Computer Science Colloquium: Solving the Search for Source Code

Thursday, February 28, 2013
Nguyen Engineering 4201
Kathryn Stolee


Programmers frequently use keyword searches to find source code in large repositories. However, to do this effectively, programmers must specify keyword queries that capture implementation details of their desired code. I propose that code search should be about behavior, not about keywords. 

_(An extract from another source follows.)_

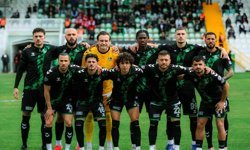 Sakaryaspor Serik Deplasmanından Puansız Dönüyor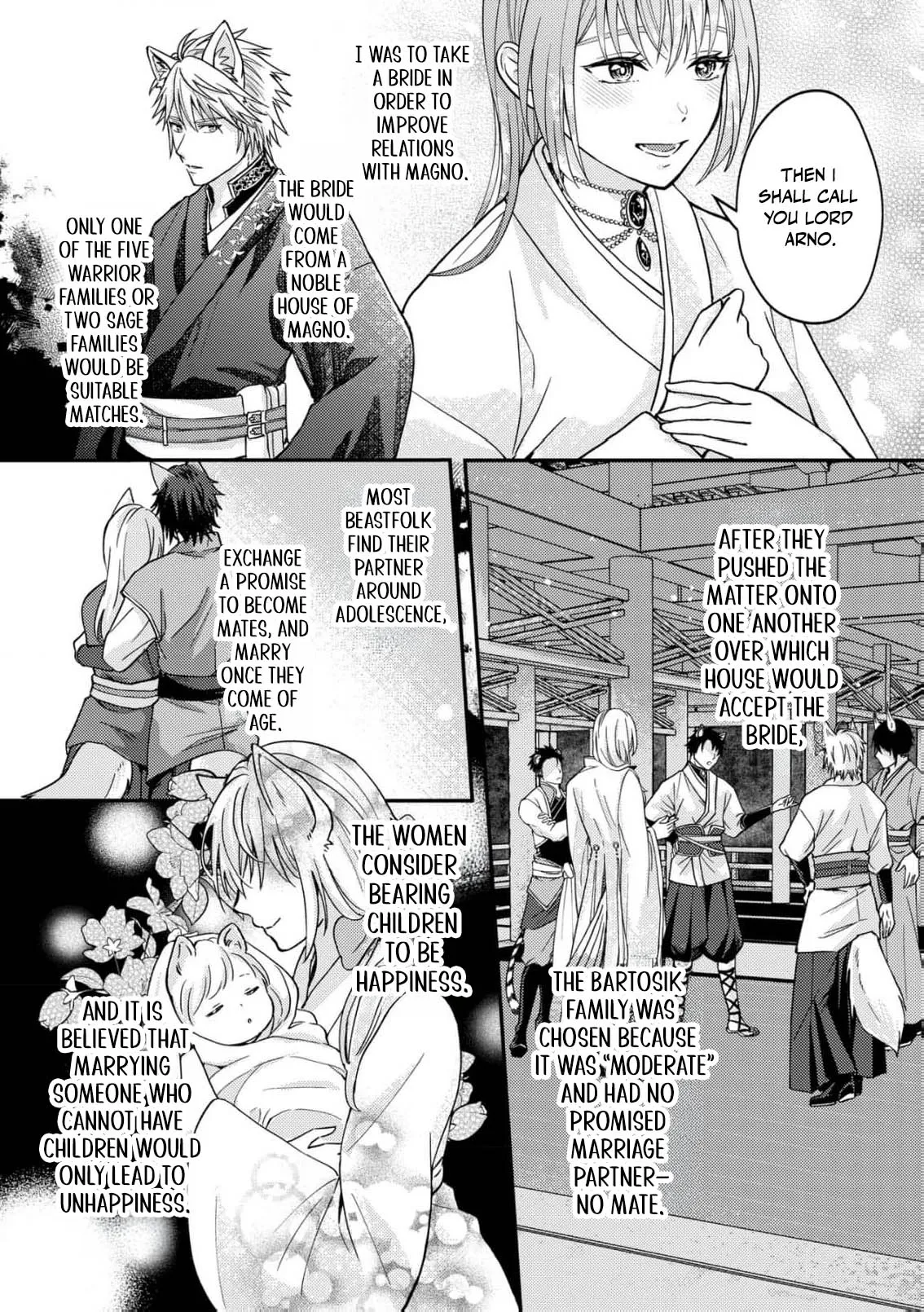 Ippiki Ookami no Hanayome - Kekkon Toujitsu ni Chapter 2 page 9 -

In this talk, I will present an approach to code search that allows programmers to provide inputs and outputs that define the behavior of their desired code. This approach indexes source code repositories by symbolically analyzing the programs and program fragments and transforming them into constraints representing their behavior. Results are identified using an SMT solver, which, given an input/output specification and the constraint representation of a program fragment, determines if the fragment matches the desired behavior. While promoting code reuse, my approach enables reuse where it was not possible before: the constraints can be relaxed, identifying code that approximately matches the specification. Further, the solver can then guide the instantiation of the code to produce the desired behavior. I will illustrate the generality of the approach by showing its instantiation in subsets of three languages, the Java String library, Yahoo! Pipes mashups, and SQL select statements. I will conclude by sharing my vision for new research directions related to this semantic approach to code search. 

Speakers Bio

Kathryn Stolee is a Ph.D. candidate and NSF Graduate Research Fellow in the Department of Computer Science and Engineering at the University of Nebraska-Lincoln. She has been awarded an ESEM Distinguished Paper Award and two departmental outstanding research awards. Her research is in software engineering with a focus on program analysis. Extracting useful information from software artifact repositories is a broad theme of her research, most recently through semantic code search.